PRFDHR Seminar: A Market for Work Permits - Professor Martin Ravallion

Tuesday, October 27, 2020 - 4:30pm to 5:45pm
Location: 
Online () See map
Speaker/Performer: 
Martin Ravallion, Georgetown University - Department of Economics

It will be politically difficult to liberalize international migration without protecting host-country workers. Professor Martin Ravallion explores in this work the scope for efficiently managing migration using a competitive market for work permits. Host-county workers would have the option of renting out their citizenship work permit for a period of their choice, while foreigners purchase time-bound work permits. Aggregate labor supply need not rise in the host country. However, total output would rise and workers would see enhanced social protection. Simulations for the US and Mexico suggest that the new market would attract many skilled migrants, boosting GDP and reducing poverty in the US.

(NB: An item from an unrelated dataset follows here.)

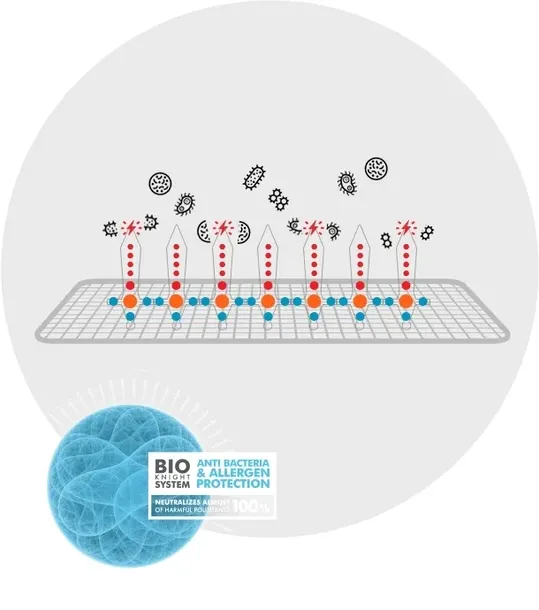 filtr-kabiny-k-1227-2x-jakosc-czesci-zgodnie-z-gvo-q-oryginal-z-logo-producenta-czesci-oem-oes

Martin Ravallion holds the inaugural Edmond D. Villani Chair of Economics at Georgetown University. Prior to joining Georgetown in 2013 he was Director of the World Bank’s research department, the Development Research Group.
Professor Ravallion’s main research interests over the last 30 years have concerned poverty and policies for fighting it. He has advised numerous governments and international agencies on this topic, and he has written extensively on this and other subjects in economics, including five books and 250 papers in scholarly journals and edited volumes.
He is the ex-President of the Society for the Study of Economic Inequality, a Research Associate of the National Bureau of Economic Research, a Non-Resident Fellow of the Center for Global Development and a Senior Fellow of the Bureau for Research in Economic Analysis of Development. Professor Ravallion was awarded, among various prizes and awards, the John Kenneth Galbraith Prize from the American Agricultural and Applied Economics Association in 2012; the Frontiers of Knowledge Award from the BBVA Foundation, Madrid in 2016; and an Honorary Doctorate in Economics by the University of Fribourg, Switzerland in 2018.